Prop. 33 is the third attempt in six years to expand rent control via the initiative process. (Voters rejected two previous attempts.) This time, supporters are touting a local control solution they hope appeals to more voters. 

But taking rent control out of the hands of the Legislature may have some unintended consequences. The expanded rent control ideas proposed by backers are way outside core competence of local governments. Imagine your city setting the rent for every vacant apartment building or rental house in town and then charging mightily for its financial wisdom. That is what Prop. 33 would do.  

This initiative is a single paragraph and straightforward for voters to understand: “Current state law (the Costa-Hawkins Rental Housing Act of 1995) generally prevents cities and counties from limiting the initial rental rate that landlords may charge to new tenants in all types of housing, and from limiting rent increases for existing tenants in (1) residential properties that were first occupied after February 1, 1995; (2) single-family homes; and (3) condominiums. The measure would repeal that state law and would prohibit the state from limiting the right of cities and counties to maintain, enact or expand residential rent control ordinances.”

The existing law has led to various rent control and tenant protection ordinances at the local levels. The city of Sacramento, as one example, limits rent increases to a third. State law has prohibited local governments from controlling the rents of single family homes and vacant rental units. 

Backers dispute this, but research and history reveal problematic tradeoffs forced by strict local rent control restrictions. There’s a point where controls go so far as frustrating the construction of more housing, making the problem worse. If rent control expanded to single-family homes, the result could be less rental housing altogether: The owner could sell to a buyer who will occupy the unit, or the owner could switch to the short-term market and avoid price controls altogether. 

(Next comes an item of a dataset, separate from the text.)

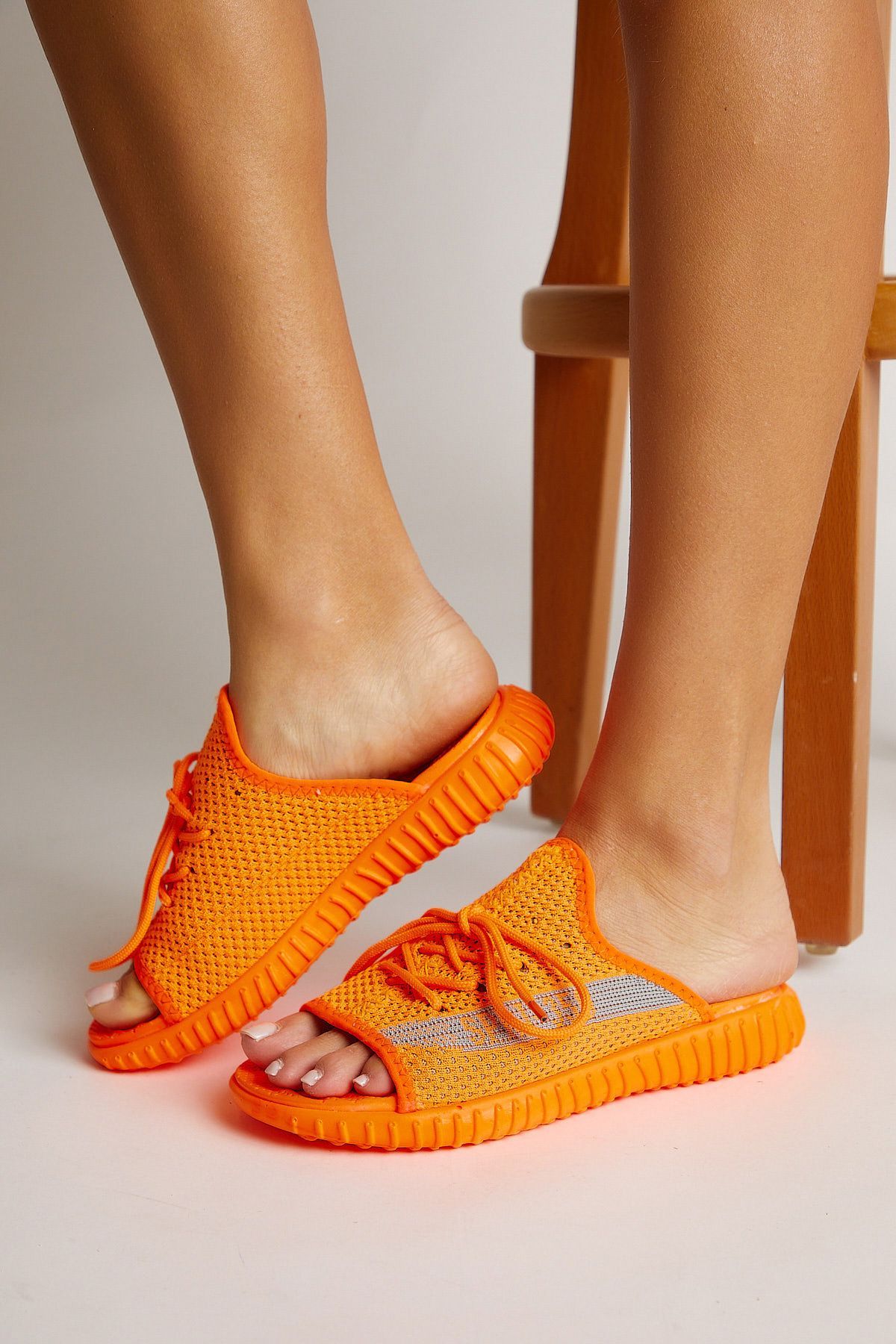 Tonny Black-Unisex Orange Knitwear Special Production Slippers Tbtr 3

A Huntington Beach-type locality that loathes more housing could exploit the lack of state oversight for poison pills. A city council that hates granny flats — otherwise known as “accessory dwelling units” — could mandate that they be occupied by low-income residents at a below-market rate. That poison pill would eliminate construction, resulting in fewer new housing units yet again.

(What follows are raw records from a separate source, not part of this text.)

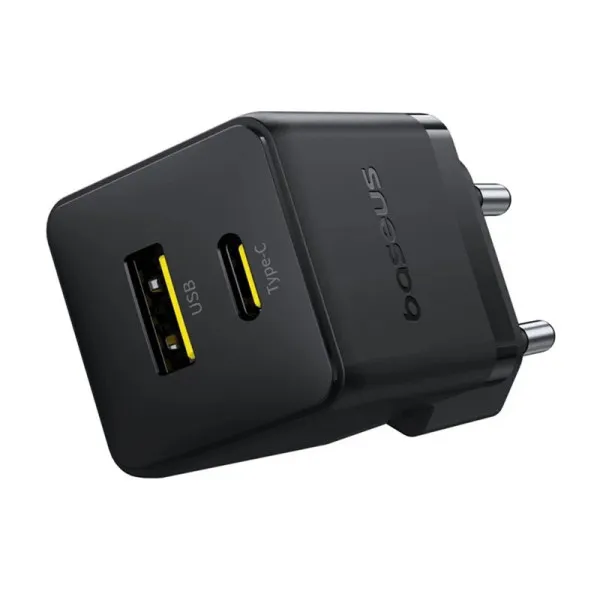 СЗУ Baseus Palm Fast Charger PD30W+QC3.0 (1USB-A/1C) + кабель Type-C to Type-C (P1011160A) — Черный — фото 3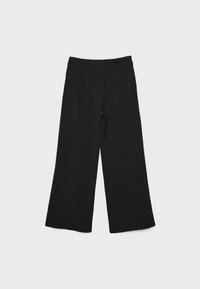 Sorte vidde bukser lavet af blødt stof med elastisk talje. Funktioner en afslappet pasform uden lommer. Glat tekstur, minimalistisk design.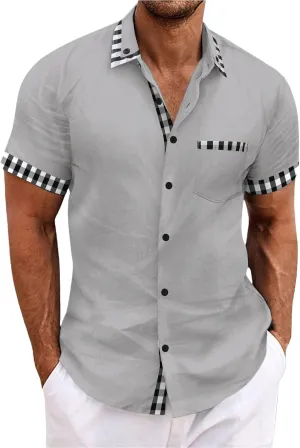 Men's Beach Casual Shirts Fashion Patchwork Button Down Slim Fit Muscle Shirts Lapel Short Sleeved Shirt with Pocket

The measure allows cities to collect fees from landlords to figure out how much their residences should be rented for. But this only adds to the cost of housing. City councils need to focus on building more housing of all types as opposed to getting into the business of setting every rent in town. 

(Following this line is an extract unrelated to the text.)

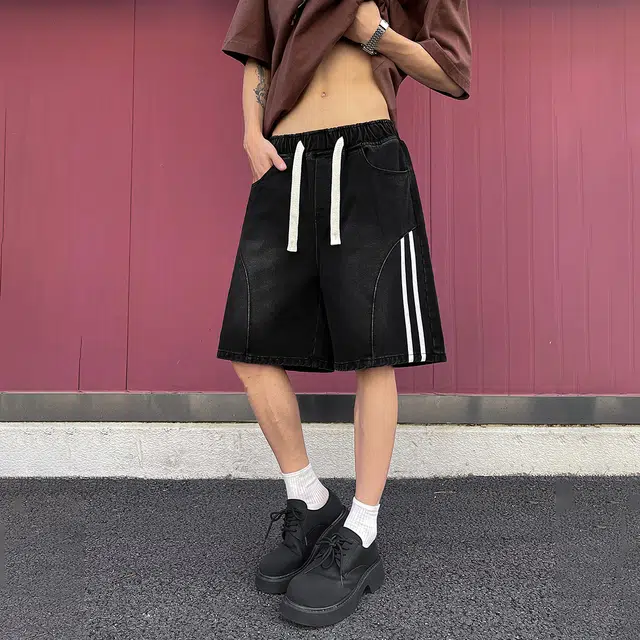 冰飞 美式复古时尚潮流个性条纹拼接设计高级感水洗宽松舒适百搭牛仔短裤 男女同款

Prop. 33 is opposed by a long and bipartisan group of legislators, including Democratic Assemblymember Buffy Wicks of Oakland, one of the Legislature’s true champions at addressing the state’s housing crisis.

Backers like to frame the housing problem as evil corporate landlords against the rest of the impoverished world, but this vexing issue does not lend itself to caricatures. Solving the affordability problem is truly hard. 

The existing statewide guidance on rent control is simply not the reason that California has fallen behind in its housing construction needs year after year. The real reasons are many: a proliferation of local fees, the abuse of environmental laws, rising costs of labor and materials, and a dearth of funds and incentives to build affordable units. None of the housing shortage’s true causes go away by passing Prop. 33. 

There is room now for some reasonable controls at a local level if the leaders so choose. Eliminating a state role on this key issue is not how to get Sacramento more serious about solving the housing affordability problem.